His downfall was swift. A rival minister caught him, on camera, and in flagrante delicto, with a prostitute in Room 7 of the Travel Inn on Airline Highway in New Orleans, LA. An attempt to blackmail him went awry, and the story became very public.
Today, at age 79, Swaggart has experienced miraculous redemption. His new, 24 hour television network, SonLife Broadcast Network [SBN], is seen in 104 countries and on the internet.
Why does society choose to forgive certain transgressors while exiling others to lifetime shame? Why does Major League Baseball [MLB] continue to shun Pete Rose for gambling while allowing the admitted doper and Yankee pitcher, Andy Pettitte, the courtesy of continued employment and standing ovations from his adoring fans? Why will we never forgive Donald Sterling? Or Barry Bonds? Why does Bill Clinton get cut so much slack?
I think that it has to do with our collective moralizing. We are still, at our roots, a Judeo/Christian society that requires certain actions before we begin to extend forgiveness. And, those actions need to be seen as credible and authentic. What we basically ask from celebrity sinners is contrition, remorse and a perceived level of adequate penance.

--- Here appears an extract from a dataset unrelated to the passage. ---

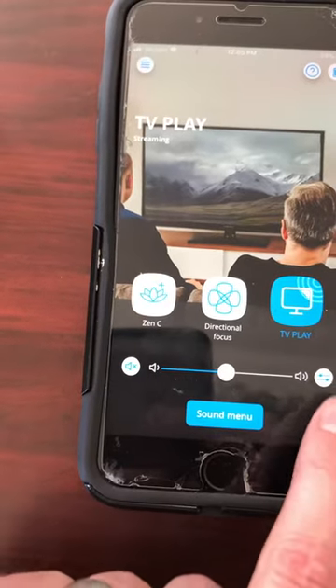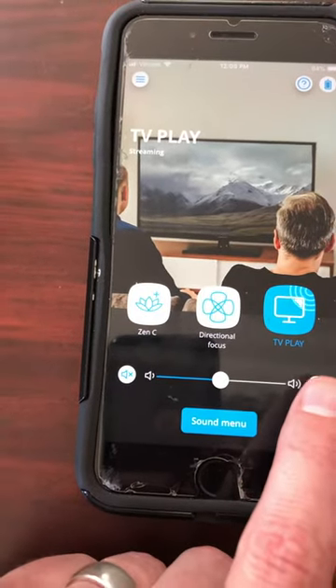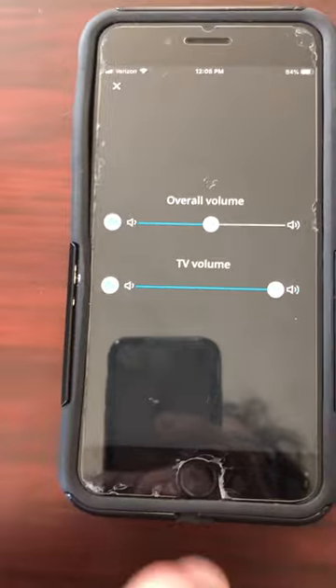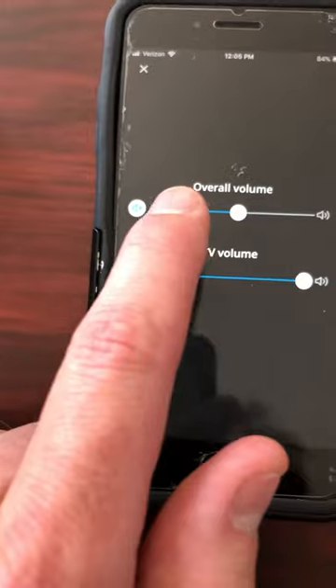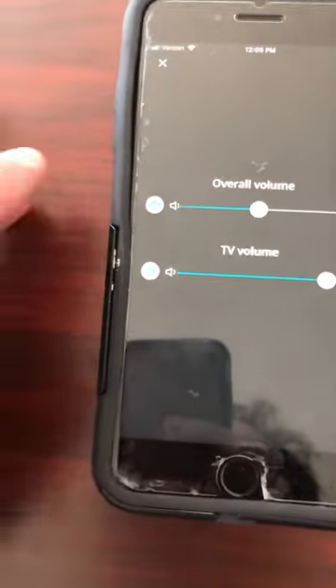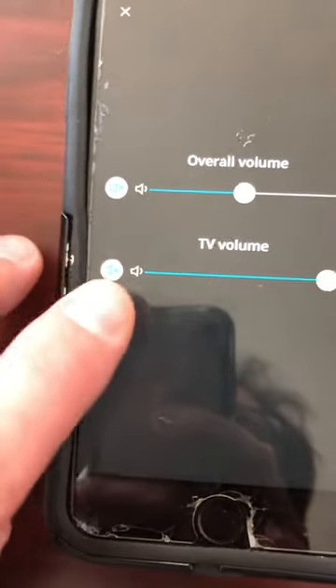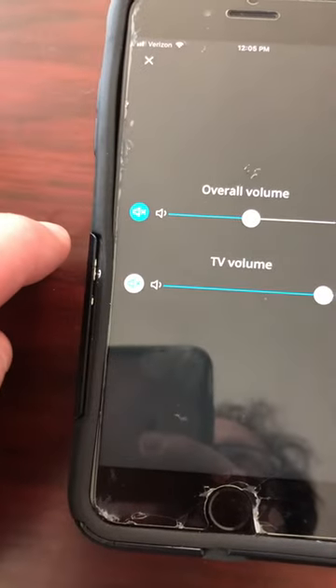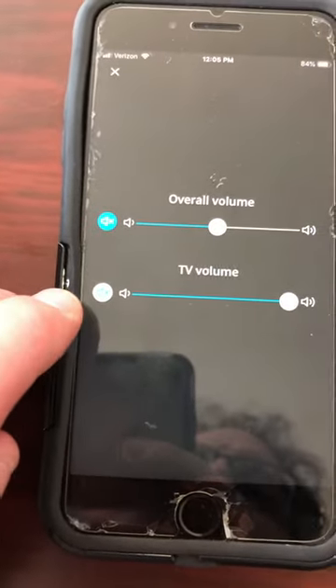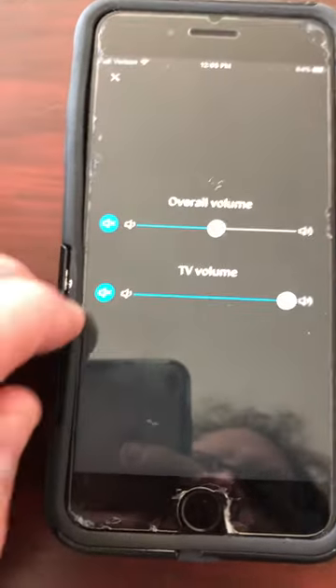You can access different parameters through this button right here. This will allow you to turn up or down the volume of the television, and up and down the volume of the microphones. There's also a button to the left — it is a mute button. You can turn off the microphones of the hearing devices by tapping that, and you can mute the audio signal you're getting by pressing that button as well.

If I were a media crisis manager, charged with rehabilitating the career of someone undergoing public scorn, I would go immediately to one book [with 13 chapters]; Confessions, the autobiography of St. Augustine of Hippo. Written in AD 398, this tome provides the path to redemption that subsequent civilizations have demanded. It’s all there: a credible acknowledgement of sin, a plea for forgiveness, a commitment to amend one’s life, and an acceptance of punishment. We require our idols to throw themselves on the altar of public opinion, striking their breasts thrice, expressing a genuine mea culpa.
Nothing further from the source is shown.